Task directions - Take every line from the records below that includes the word "Diamond".
• • • • • • •
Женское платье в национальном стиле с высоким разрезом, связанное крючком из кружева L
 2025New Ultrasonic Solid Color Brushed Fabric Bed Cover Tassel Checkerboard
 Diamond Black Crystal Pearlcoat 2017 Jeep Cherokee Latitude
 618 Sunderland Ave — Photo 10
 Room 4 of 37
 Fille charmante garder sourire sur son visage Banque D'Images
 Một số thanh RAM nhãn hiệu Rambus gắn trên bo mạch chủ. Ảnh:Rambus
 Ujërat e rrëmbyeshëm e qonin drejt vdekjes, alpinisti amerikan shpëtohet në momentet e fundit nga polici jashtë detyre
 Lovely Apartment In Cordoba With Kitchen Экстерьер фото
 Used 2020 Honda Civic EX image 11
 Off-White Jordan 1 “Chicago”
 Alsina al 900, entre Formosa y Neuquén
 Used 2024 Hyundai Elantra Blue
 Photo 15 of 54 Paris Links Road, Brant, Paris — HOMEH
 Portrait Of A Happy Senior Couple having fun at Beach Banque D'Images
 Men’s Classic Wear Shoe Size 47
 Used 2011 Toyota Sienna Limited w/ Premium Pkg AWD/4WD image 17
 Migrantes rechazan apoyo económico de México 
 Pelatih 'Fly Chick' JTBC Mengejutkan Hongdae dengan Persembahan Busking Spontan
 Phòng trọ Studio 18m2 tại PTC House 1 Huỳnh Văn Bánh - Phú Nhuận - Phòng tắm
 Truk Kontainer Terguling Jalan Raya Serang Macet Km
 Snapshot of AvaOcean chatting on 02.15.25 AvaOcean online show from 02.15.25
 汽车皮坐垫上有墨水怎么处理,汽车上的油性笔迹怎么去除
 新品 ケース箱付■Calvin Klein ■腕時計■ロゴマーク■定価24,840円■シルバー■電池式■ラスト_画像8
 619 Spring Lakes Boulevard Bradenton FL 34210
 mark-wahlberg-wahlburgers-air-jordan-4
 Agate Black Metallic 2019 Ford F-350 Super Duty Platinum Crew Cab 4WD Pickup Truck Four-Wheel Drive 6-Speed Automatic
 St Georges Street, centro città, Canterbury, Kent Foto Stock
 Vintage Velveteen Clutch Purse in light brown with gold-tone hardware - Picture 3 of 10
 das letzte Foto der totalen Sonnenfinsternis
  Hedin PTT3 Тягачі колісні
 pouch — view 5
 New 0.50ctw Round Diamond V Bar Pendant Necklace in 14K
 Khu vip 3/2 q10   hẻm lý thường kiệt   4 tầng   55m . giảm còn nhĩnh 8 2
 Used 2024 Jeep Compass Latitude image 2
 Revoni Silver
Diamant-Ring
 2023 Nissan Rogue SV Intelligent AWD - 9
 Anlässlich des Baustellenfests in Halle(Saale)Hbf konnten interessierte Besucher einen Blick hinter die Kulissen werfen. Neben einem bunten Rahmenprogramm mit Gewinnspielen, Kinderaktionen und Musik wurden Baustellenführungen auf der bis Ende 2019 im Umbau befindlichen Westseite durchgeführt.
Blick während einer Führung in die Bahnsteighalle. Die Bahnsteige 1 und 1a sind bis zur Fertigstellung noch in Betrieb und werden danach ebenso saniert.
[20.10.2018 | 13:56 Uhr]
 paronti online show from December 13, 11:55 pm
• • • • • • •
Output of the exercise -
 Diamond Black Crystal Pearlcoat 2017 Jeep Cherokee Latitude
 New 0.50ctw Round Diamond V Bar Pendant Necklace in 14K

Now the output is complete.